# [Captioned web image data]
* * *
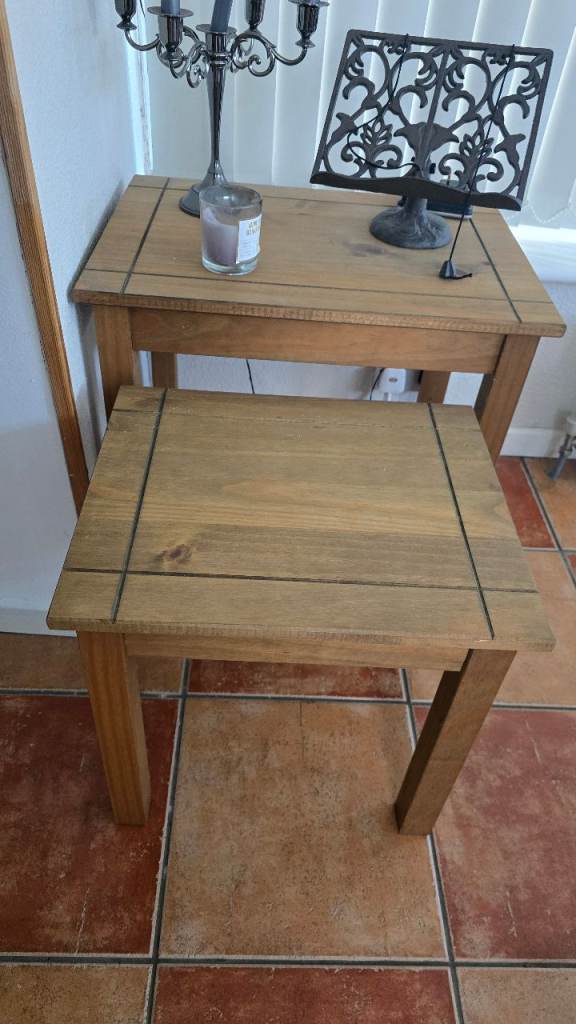 Table nests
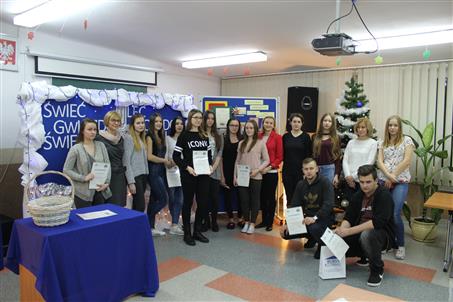 V Międzyinternacki konkurs plastyczny na „Kartkę Bożonarodzeniową”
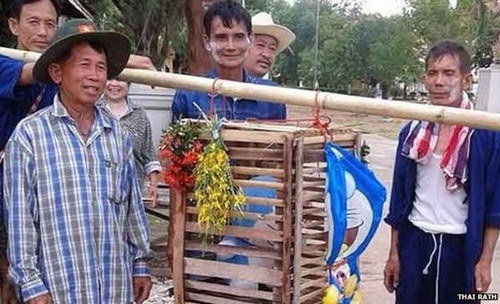 Thời tiết khô hạn, nông dân Thái Lan dùng... mèo cầu mưa - 4 Trước đó, ở một ngôi làng khác tại Thái Lan, người dân dùng hình nộm mèo Doraemon để cầu mưa.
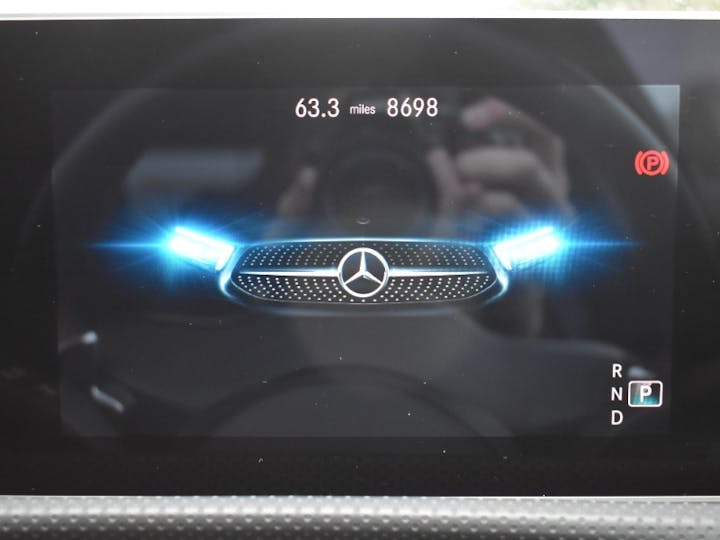 Red Mercedes-Benz A-class 1.3 A 200 AMG Line Executive 2019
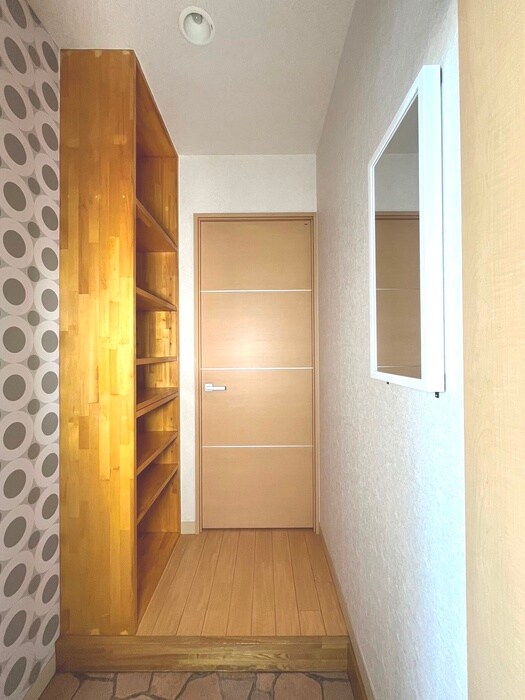 物件内観写真16　(玄関)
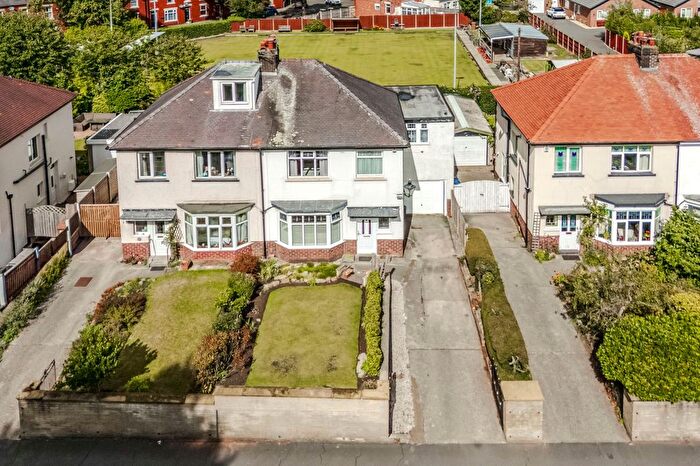 4 Bedroom Semi Detached House For Sale In Church Road, Leyland, PR25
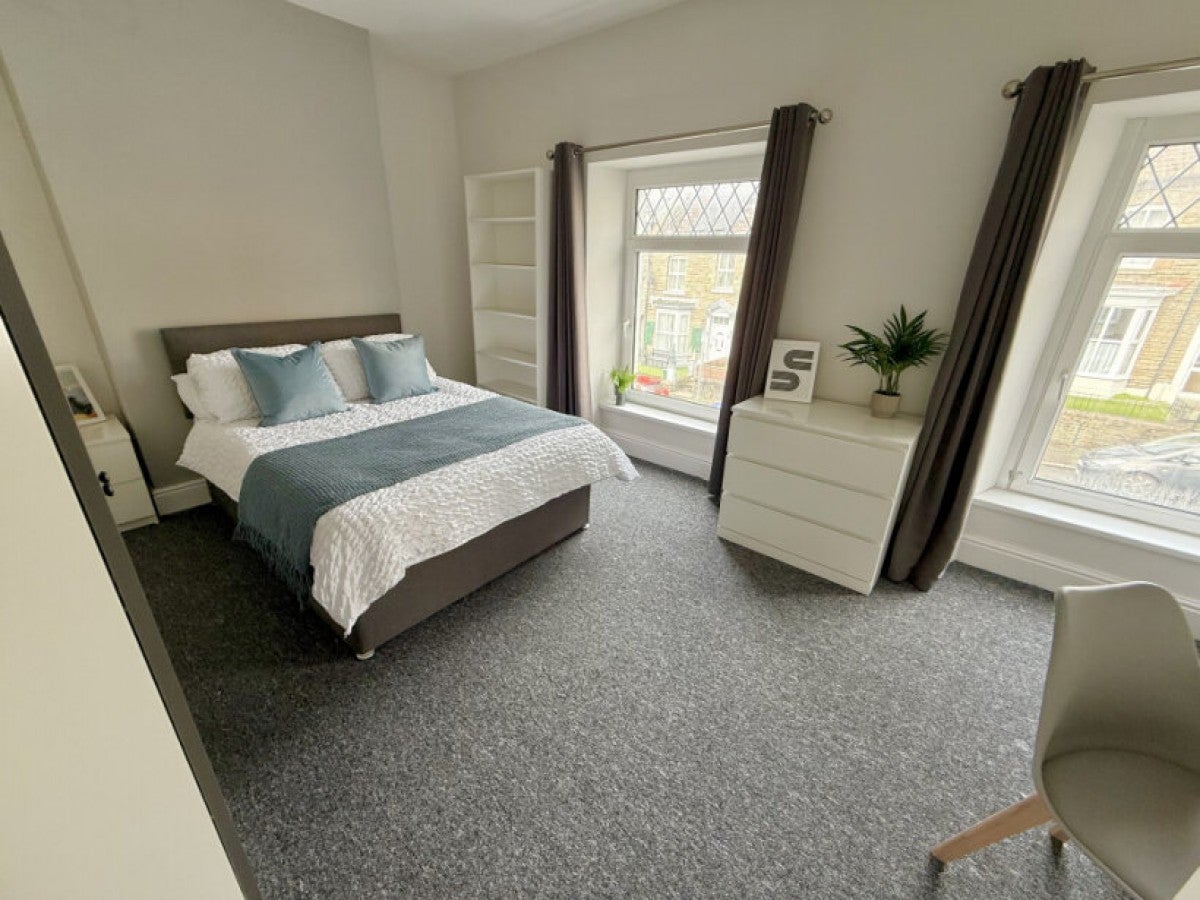 Flat Ysgol Street in Swansea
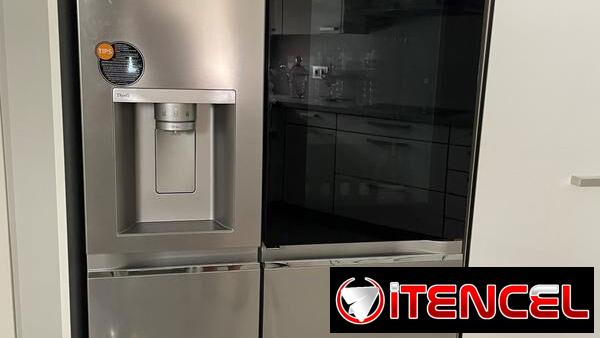 Refrigerador LG Americano TOC TOC 23 pies Side By Side Instaview Door-In-Door con dispensador de agua y hielo $2360 USD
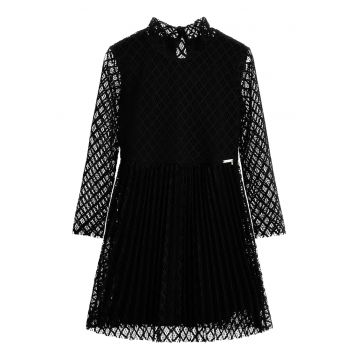 Rochie evazata cu perforatii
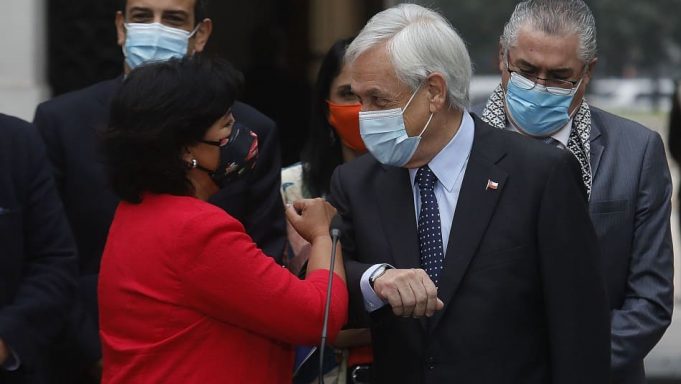 El navío del régimen naufraga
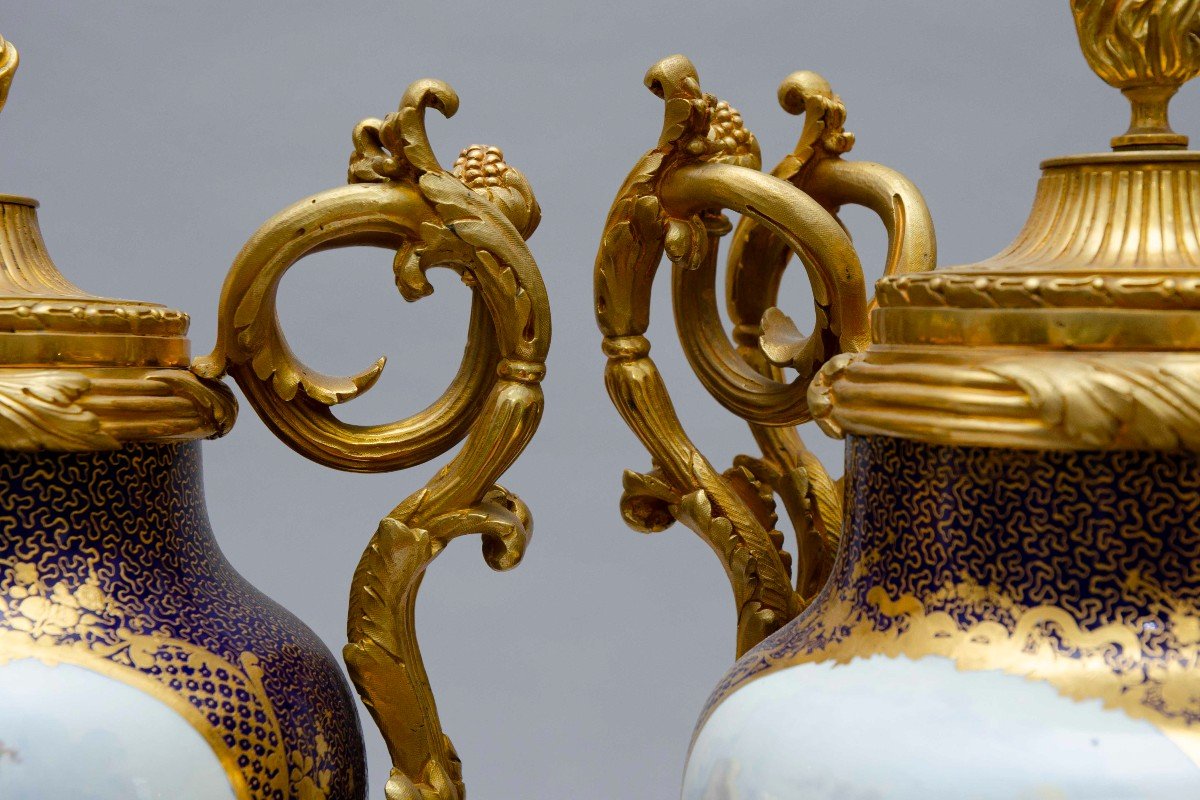 Paire De Vases Montés Sur Bronze Doré Dans Le Goût De Sèvres, Paris 19e Siècle-photo-4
* * *
# [WHAT IS BEING ASKED]
None of the pictures belong in the result. Print exactly the lines from the one containing "V Międzyinternacki konkurs" through the final line of the entries.

# [OUTPUT OF THE EXERCISE]
 V Międzyinternacki konkurs plastyczny na „Kartkę Bożonarodzeniową”
 Thời tiết khô hạn, nông dân Thái Lan dùng... mèo cầu mưa - 4 Trước đó, ở một ngôi làng khác tại Thái Lan, người dân dùng hình nộm mèo Doraemon để cầu mưa.
 Red Mercedes-Benz A-class 1.3 A 200 AMG Line Executive 2019
 物件内観写真16　(玄関)
 4 Bedroom Semi Detached House For Sale In Church Road, Leyland, PR25
 Flat Ysgol Street in Swansea
 Refrigerador LG Americano TOC TOC 23 pies Side By Side Instaview Door-In-Door con dispensador de agua y hielo $2360 USD
 Rochie evazata cu perforatii
 El navío del régimen naufraga
 Paire De Vases Montés Sur Bronze Doré Dans Le Goût De Sèvres, Paris 19e Siècle-photo-4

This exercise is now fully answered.